For the visitor seeking the charm of years past, Old Montréal, a low-rise, river-hugging district of 18th and 19th century buildings, casts a satisfying, time-traveling spell. Place Jacques-Cartier—closed to traffic in the summer when it comes alive with music and street performers—is home to several cafés with terraces that are perfect for lazing away an afternoon. Saunter down Rue Saint-Paul and discover an appealing array of art galleries, boutiques, and restaurants. If all the cobblestones and stone façades excite the historian in you, check out the Centre d’histoire de Montréal and the Château Ramezay to get a handle on the city’s past.

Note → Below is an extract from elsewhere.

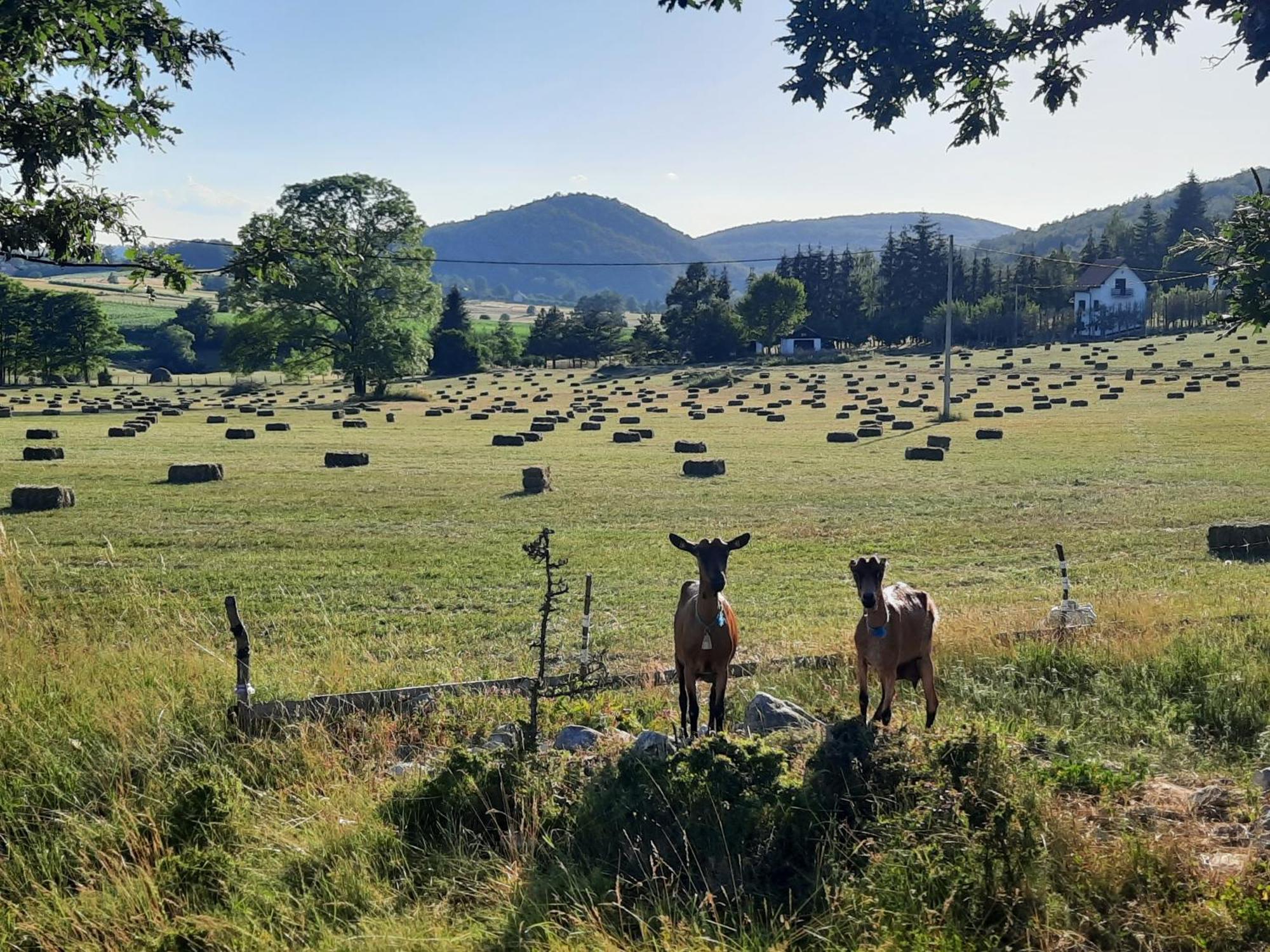 Seoski Turizam Melovic Rozanstvo Exterior foto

History is all around in Québec City. While the monumental, 120-year-old Château Frontenac is, arguably, the city’s most recognizable landmark, the hotel is a relative newcomer in this historic town, founded by Samuel de Champlain in 1608. From the picturesque Place Royale and the fortifications surrounding the old city, to Faubourg Saint-Jean—site of J.A. Moisan (the oldest grocery store in North America) and the graveyard of St. Matthew’s Protestant Church, where headstones date to 1772—Québec transports one at every turn. Shops abound, but you don’t have to be in a buying mood to appreciate the eye-appealing streets of the Quartier Petit Champlain, the byways radiating from Notre-Dame de Québec Basilica, or the Lincoln Parkish Grand Allée. And art lovers must pop into the Musée National des Beaux-Arts du Québec, whose holdings include an impressive representation of Jean-Paul Riopelle, one of Québec’s most renowned contemporary artists, and an astounding assembly of Inuit art.

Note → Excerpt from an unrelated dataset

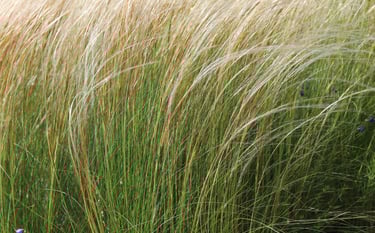stipa tenuissima naturaliame sode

Of course, even the most history-addicted traveler needs a good meal, and this utterly romantic city offers a bit of everything, from traditional Québécois cuisine at Aux Anciens Canadiens (34 Rue Saint-Louis) to flawless bistro fare at L’Echaude (73 Rue du Sault-au-Matelot). Foodies (Have we found another word yet?) ought to consider Panache in the Relais & Châteaux-rated, Auberge Saint-Antoine. This is the sort of place where carrot cake is an artful spread of crumbs highlighted with tiny cubes of carrot. Enjoy a perfect martini (made with Québec’s own Ungava Gin), while you peruse the menu. And take your time deciding between the locally-raised guinea fowl with cabbage, onion, and foie gras, or walleye with artichoke and squid, because this is one lovely room. Situated in a 19th century warehouse, its wide plank floors and stone walls punctuated with deep-set windows—combined with the glow of a fireplace and impeccable service—provide the dining equivalent of a great massage. Sit back, enjoy, then take a constitutional through the time-caressed streets. Chicago will feel very far away.